Well, being that I am still sick, holding off on the podcasts and my voice sounds like a bad impression of Al Pacino, I thought I would try and breath some new life into this topic that I posted back in 2009 at an older blog. I have been getting my CEU’s all squared away for my recert this year and since we just started 2011 I thought it would be a good reminder for some ways to get some credits.
Listen, the best way to meet your continuing education requirements is to stay on top of them. Unfortunately, it isn’t as easy as that. We are at the mercy of instructors who set up CE classes according to their preferences. Which usually means they are held on weekends and during the fall and winter seasons. You really can’t blame them. I mean who wants to sit and teach a class during nice spring and summer months?

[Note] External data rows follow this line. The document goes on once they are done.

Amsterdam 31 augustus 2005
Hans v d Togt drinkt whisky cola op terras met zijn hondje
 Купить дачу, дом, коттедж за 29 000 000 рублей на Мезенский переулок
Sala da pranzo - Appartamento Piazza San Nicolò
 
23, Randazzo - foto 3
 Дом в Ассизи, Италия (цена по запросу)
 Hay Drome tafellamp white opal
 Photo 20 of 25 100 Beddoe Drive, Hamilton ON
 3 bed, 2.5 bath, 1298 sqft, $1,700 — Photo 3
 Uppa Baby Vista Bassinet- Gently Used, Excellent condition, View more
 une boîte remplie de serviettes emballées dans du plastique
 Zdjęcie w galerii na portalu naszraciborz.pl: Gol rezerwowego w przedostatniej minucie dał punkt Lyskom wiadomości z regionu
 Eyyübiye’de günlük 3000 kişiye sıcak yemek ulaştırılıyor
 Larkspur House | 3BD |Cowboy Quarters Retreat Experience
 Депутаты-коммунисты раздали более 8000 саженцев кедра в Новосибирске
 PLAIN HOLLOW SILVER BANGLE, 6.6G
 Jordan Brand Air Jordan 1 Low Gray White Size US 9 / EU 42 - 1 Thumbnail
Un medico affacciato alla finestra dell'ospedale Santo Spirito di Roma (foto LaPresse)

Especially when many classes are just repeated subjects on tired powerpoints. So, what is the answer? Well, I posted some suggestions below to help you stay on top of your CEU’s, keep it interesting and not blame the instructors or lack of class availability.
- Try and map out how many CEU’s you need for various certifications you have. Break down the amount, what topics they must be in and the dates they are due.
- Keep on them. Once you have them mapped out, seek out classes. Many CEU announcements aren’t made six months in advance. You will find some great CEU opportunities on short notice. Keep your eyes and ears open and ask around. Word of mouth is often a good way to get in a class.
- Go beyond the cookie cutter classes. You will find yourself much more eager to attend CEU classes if you find ones that cover interesting and out of the box topics. They are out there. It may take a little longer to find these, but once you do, I think you will realize that those people teaching these classes will most likely keep doing so.
- Explore various options. Most regions allow you to acquire CEU other than just attending a class. You can also get them via services online. There are many online CEU services available, giving you a combination of audio, video and reading materials to help you grasp the content. Then you just take a short test and get your credits. Just keep in mind that there will be a limit to how many you can apply. So remember to see the first point about mapping it all out and check with your local agency to see how many you can apply.
I have found that no matter how many CEU classes I’ve been to, I always take away something. Even in topics that I have taken many times. So, remember to start looking at your CEU requirements as soon as your card comes in the mail. Take a class or two each month and seek out topics that interest you yet still meet the standards you need. Even a little extra won’t hurt. You’ll be a better provider for it and find yourself much more relaxed come recert time.